• **Problem requirements**: Return an exact copy of the lines from the one holding "Property Photo: 109 Meadow View Way KY 40324" to the end of the data, including both the starting and final lines. Leave the pictures out.

• **Provided material**:
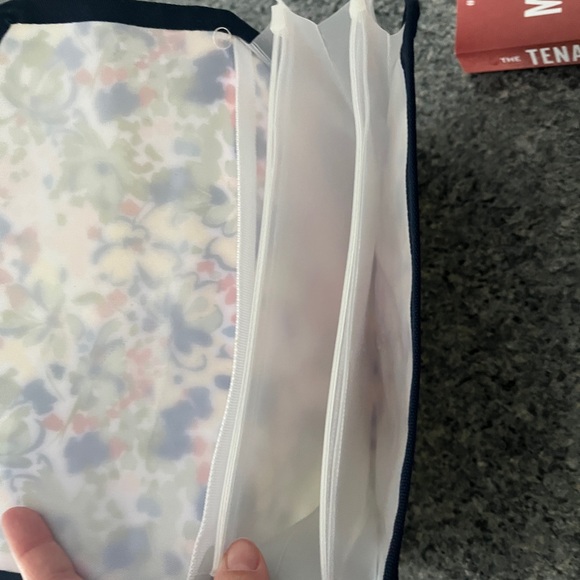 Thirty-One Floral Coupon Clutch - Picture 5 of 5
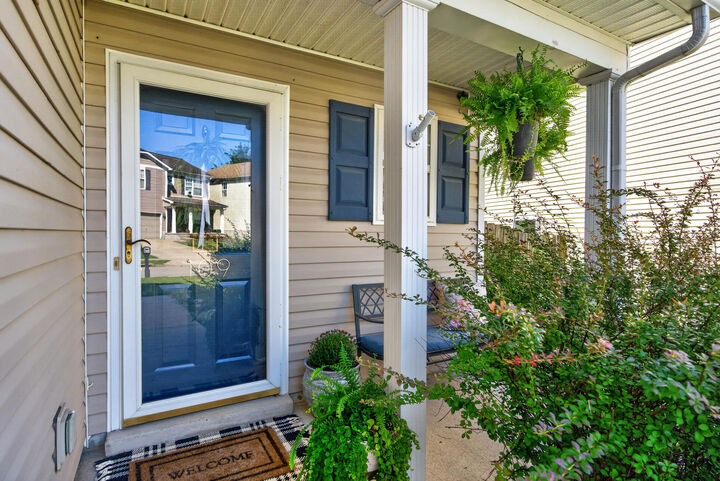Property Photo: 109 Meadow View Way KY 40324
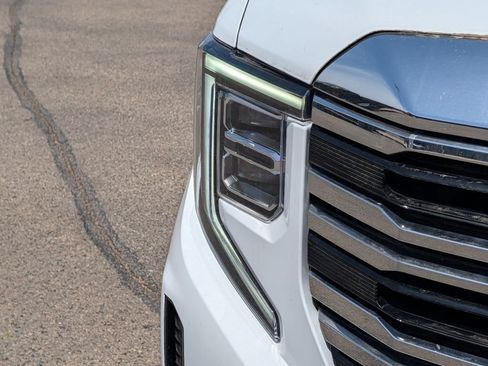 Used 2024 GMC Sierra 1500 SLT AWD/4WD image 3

• **Response area**:
Property Photo: 109 Meadow View Way KY 40324
 Used 2024 GMC Sierra 1500 SLT AWD/4WD image 3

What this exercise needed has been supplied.